Tomo asiento a su lado, mientras observo su pelo negro alborotado, piel aceitunada, y sus ojos oscuros y ligeramente achinados. Ambos somos (con nuestras familias) unos inadaptados en La Veta. A él lo rechazan por su aspecto.

A mí por culpa de mis padres, ambos; toda mi familia tiene el cabello rubio y ojos claros, y es porque mis padres (en su juventud) formaban parte de la pequeña clase de comerciantes que servía a los funcionarios, los agentes de la paz y algún que otro cliente de la Veta. No tengo entendido muy bien a qué se dedicaba mi madre antes, pero mi padre llevaba un boticario. Uno de esos lugares en los que se solían crear remedios a partir de cualquier hierba medicinal. Se conocieron por la torpeza natural de mi madre, y bueno, se enamoraron y abandonaron una vida de comodidades para acomodarse en La Veta. Ni siquiera sé cómo tomaron esa decisión; mi madre suele decir que huyeron por amor, algo así.

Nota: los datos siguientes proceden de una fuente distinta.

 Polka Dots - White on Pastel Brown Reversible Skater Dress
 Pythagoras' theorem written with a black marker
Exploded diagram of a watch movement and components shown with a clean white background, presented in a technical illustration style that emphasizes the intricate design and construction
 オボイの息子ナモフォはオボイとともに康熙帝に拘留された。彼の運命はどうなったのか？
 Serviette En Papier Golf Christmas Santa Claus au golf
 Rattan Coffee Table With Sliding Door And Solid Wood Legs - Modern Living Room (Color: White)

El resto de la historia la sé muy bien; mi padre murió, y ahora vivimos como podemos mientras mi madre se gasta lo poco que nos queda en el alcohol. La pérdida de mi padre la volvió una borracha y bueno, aquí estamos.

—Toma. —Le tiendo los trozos de fruta y mi corazón aletea al verle sonreír de oreja a oreja.

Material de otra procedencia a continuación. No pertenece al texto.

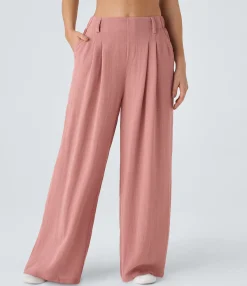 High-Waisted Pants|Wide-Leg Pants<HALARA High Waisted Side Pocket Wide Leg Flowy Solid Palazzo Casual Linen-Feel Pants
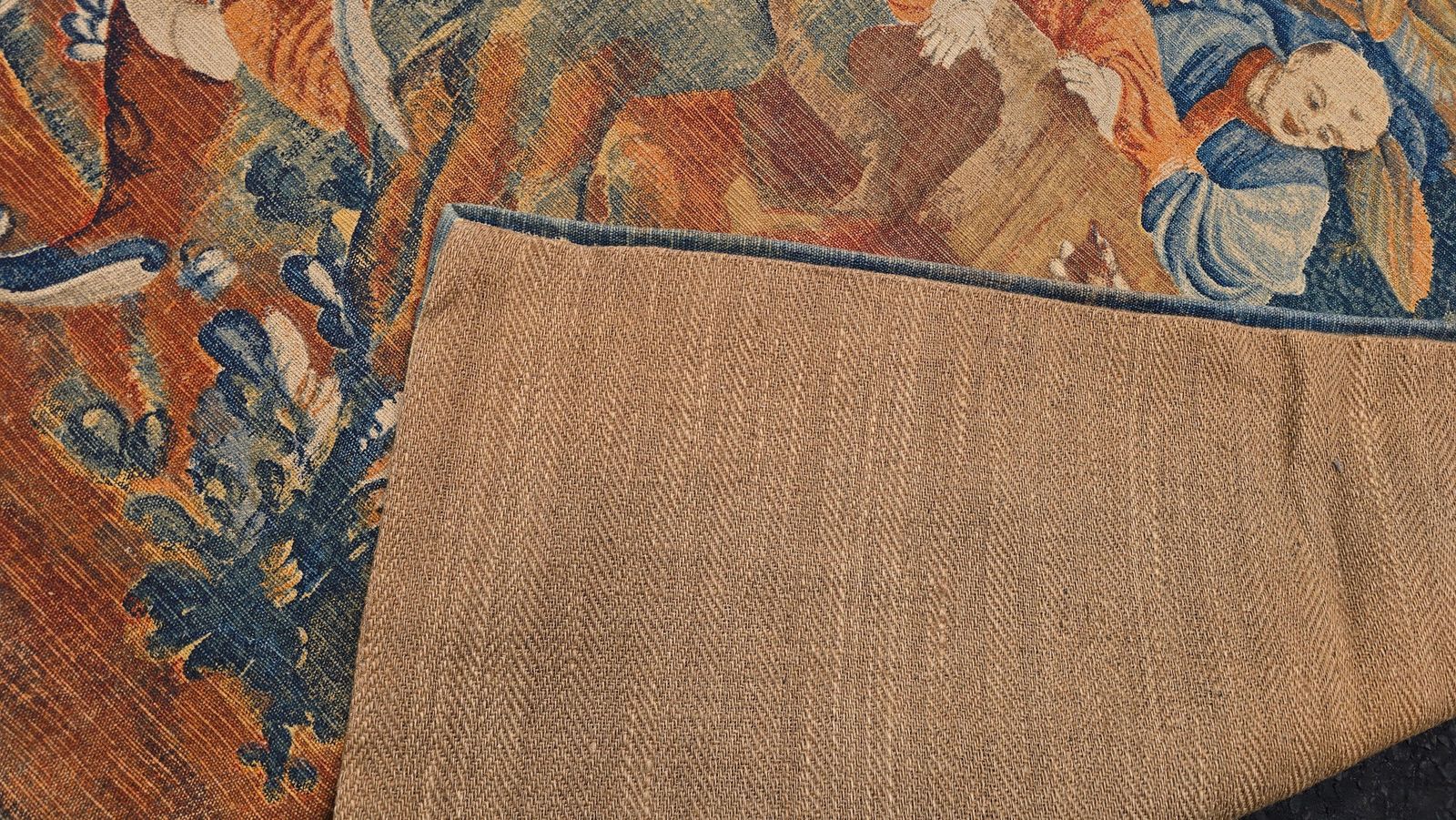 photo vintage Monumental European Chinoiserie Tapestry, Hand Painted Textile, Circa 1900–1930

No hay que hacer grandes cosas para ganarse su aprecio, es un buen chico. Uno de los mejores, podría admitir por todo lo alto si no temiera elevarle el ego que bastante subido lo tiene ya. Aunque claro, se lo tiene merecido porque nadie es capaz de cazar a un lobo como él. Y sí, solo con su daga familiar. Un arma minúscula, dorada y aunque afilada, a mi parecer algo endeble.

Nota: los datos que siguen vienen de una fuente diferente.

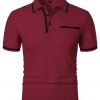 Camiseta Masculina Casual de Manga Curta com Gola Lapela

Sus padres se la dieron como regalo hace unos meses y nunca deja de lucirse con ella.

—¿Estsbds nervjdks? —Yo niego con la cabeza al escucharle hablar con la boca llena.

—Traga y me dices, chino.

Entonces mastica más deprisa, para dejar la manzana a medio acabar y repite:

—Qué si estás nervioso por lo de mañana. —Me hundo de hombros sin saber muy bien qué decir.

Mañana es cuando llega la cosecha; un ritual o tradición que se repite cada año por culpa de los " Años Oscuros ", una época en la que unos rebeldes intentaron rebelarse contra el poder del Capitolio. Por culpa de ellos, ahora cada año, en los Juegos del Hambre ofrecen a dos chicos, una del género femenino y otro del masculino para luchar en una arena a muerte. Solo puede quedar un vencedor. Se eligen, pues, una pareja de cada distrito —que son doce— y solo de un rango elegible de entre 12 a 18 años de edad. Una mierda, lo sé.

Ava Paige y Coriolanus Snow son los presidentes, una pareja de esposos que lleva amargando la vida de todo el mundo desde tiempos inmemoriales.

Yo trato de no pensar mucho en ello porque solo conseguiría deprimirme, más de lo que ya lo estoy, claro. Y sinceramente, ni siquiera tengo ganas de eso.

Esta tarde, a eso de las siete, los presidentes darán un comunicado televisivo para contar qué se hará de especial este año. Porque a diferencia de los años pasados, este año toca un Vasallaje de los Veinticinco y estos suelen ser los juegos más sangrientos, según mi madre.

Nadie sabe qué esperarse este año y de solo imaginarme lo que pueden hacer solo para que los Juegos sean divertidos e interesantes, me dan ganas de vomitar lo poco y nada que tengo en el estómago. Sacudo la cabeza para preguntarle al chino si él lo está.

—A ver, un poco sí, pero hay muchos chicos..., Quiero pensar a pesar de todo, que si salgo, tú cuidarás de mis padres. Eso es lo único que me importa. —Yo asiento, esperando lo mismo de su parte.

Muchas veces hemos hablado del tema, y hemos llegado a la conclusión de que si llega el caso de que alguno de los dos salga escogido en los Juegos, sin llegar a pensar lo peor y por mucho que duela, el otro se encargará de cuidar a la familia del tributo escogido.

Esa fue una de nuestras primeras promesas al conocernos.

—¿Qué tal tu cacería? —pregunto en busca de cambiar de tema.

El chico de cabellos oscuros y camisa sin mangas se levanta emocionado del suelo, para alcanzar un matorral y meter sus manos dentro. Después con una ligera sacudida saca un ciervo pequeño que cuelga sobre sus hombros. El asombro se clava en mi rostro y me levanto de golpe, soltando la bolsa en el proceso.

—¡La ostia, Minho! —Me acerco a su lado para cerrar los ojos del animal y sin poder creerme lo que ha hecho—. ¿Cuánto crees que te den en el Quemador?

El Quemador no es otra cosa más que la sede principal del mercado negro en el que se compran artículos prohibidos, tales como bebidas alcohólicas, objetos para cazar y otros bienes obtenidos ilegalmente, como por contrabando o como hace Minho, y algún que otro arriesgado.

—Una fortuna, eso seguro.

Ambos nos reímos, felices por su victoria. Él da varias vueltas con el animal encima de sus hombros hasta que tropieza con algunas piedras y cae al suelo de espaldas. Me burlo de su golpe, entre carcajadas y mientras lo ayudo a levantar, pienso decirle que lo patoso le viene de familia hasta que ambos damos un respingo al ver caer una flecha hecha de madera sobre el ciervo muerto de nuestros pies.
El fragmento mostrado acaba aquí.